Unpacking in a group can present its own challenges; while listening to others, you must not only note what you believe but also how you feel and respond; it benefits no one if your unresolved discomforts spill over into your group’s work. Remember what I said at the top about kneejerk defensiveness? Unchecked discomforts can overtake a share space and unintentionally reinforce social power dynamics by derailing the unresolved topic toward one participant’s personal process. A person of privilege can derail an otherwise productive group discussion by insisting that zir personal progress be validated, by asking for on-site education on topics that others know well or agree can be saved for later, by contradicting broad trends with rare incidents and anecdotes, or by generally projecting zir own discomfort as being more urgent than the issues at hand. A person without much privilege may have the same capabilities, but is less likely to be taken seriously or to unconsciously command full and immediate attention.

For individual reflections, I cannot recommend journaling enough — particularly if you are used to processing aloud or are not yet comfortable taking your challenge to someone else — for it is as much about listening (whether to yourself or to what others have said previously) as it is about speaking.

Usually, the challenge is just getting started: it’s easy to feel vulnerable or attacked (especially if one has been called out publicly) and give in to fight or flight mode, but unpacking benefits from a mental quiet and no small amount of personal security. It requires humility, patience, and often allies who can sympathize with your discoveries and your defeats. Most of all, it requires the willingness to be wrong once in a while. You will make mistakes; learn from them gracefully. Each of us already holds some incorrect or unhelpful assumptions from earlier points in our lives, but through unpacking we can identify and correct those assumptions more fully.

If it sounds complicated, that’s because it is.
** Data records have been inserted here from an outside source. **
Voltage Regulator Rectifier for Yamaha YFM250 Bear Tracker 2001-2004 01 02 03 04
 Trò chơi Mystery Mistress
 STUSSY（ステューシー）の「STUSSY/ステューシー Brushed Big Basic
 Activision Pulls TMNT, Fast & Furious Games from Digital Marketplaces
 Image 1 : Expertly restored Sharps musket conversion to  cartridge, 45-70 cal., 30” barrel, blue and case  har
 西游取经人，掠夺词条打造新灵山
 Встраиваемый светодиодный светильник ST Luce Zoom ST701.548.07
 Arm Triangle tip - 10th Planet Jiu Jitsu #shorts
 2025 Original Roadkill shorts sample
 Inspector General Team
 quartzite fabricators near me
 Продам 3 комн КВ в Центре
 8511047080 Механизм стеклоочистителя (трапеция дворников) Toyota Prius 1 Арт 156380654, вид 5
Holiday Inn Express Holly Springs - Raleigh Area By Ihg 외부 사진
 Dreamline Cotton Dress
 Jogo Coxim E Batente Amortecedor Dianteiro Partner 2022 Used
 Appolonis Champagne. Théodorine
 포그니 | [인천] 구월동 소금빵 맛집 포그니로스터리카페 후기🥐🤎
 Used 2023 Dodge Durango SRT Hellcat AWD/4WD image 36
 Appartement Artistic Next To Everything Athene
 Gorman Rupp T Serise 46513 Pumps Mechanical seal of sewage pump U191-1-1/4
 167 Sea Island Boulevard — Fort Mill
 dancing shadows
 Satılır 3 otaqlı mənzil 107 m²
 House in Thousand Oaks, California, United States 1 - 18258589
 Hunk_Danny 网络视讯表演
And if you don’t know how anyone else can do it, remember that people who have less or different privileges than you have probably been wrestling with similar questions their entire lives; while this does not diminish the newness for you, it does prove that it can be done. (When all else fails, though, a search of the Internet or your local library can also be fruitful; again, your challenge is probably not completely original.)

If it sounds daunting, take heart in knowing that you have the rest of your life to learn and small steps can make a great difference. Eventually, you can learn to be generous to people with less opportunity than yourself (especially by listening) and to speak up more among people like yourself. Along the way, you get to be a better person, a stronger influence on others who have yet to recognize their own hangups, and help forge a society that is more aware and more respectful of its members’ most thoughtful values.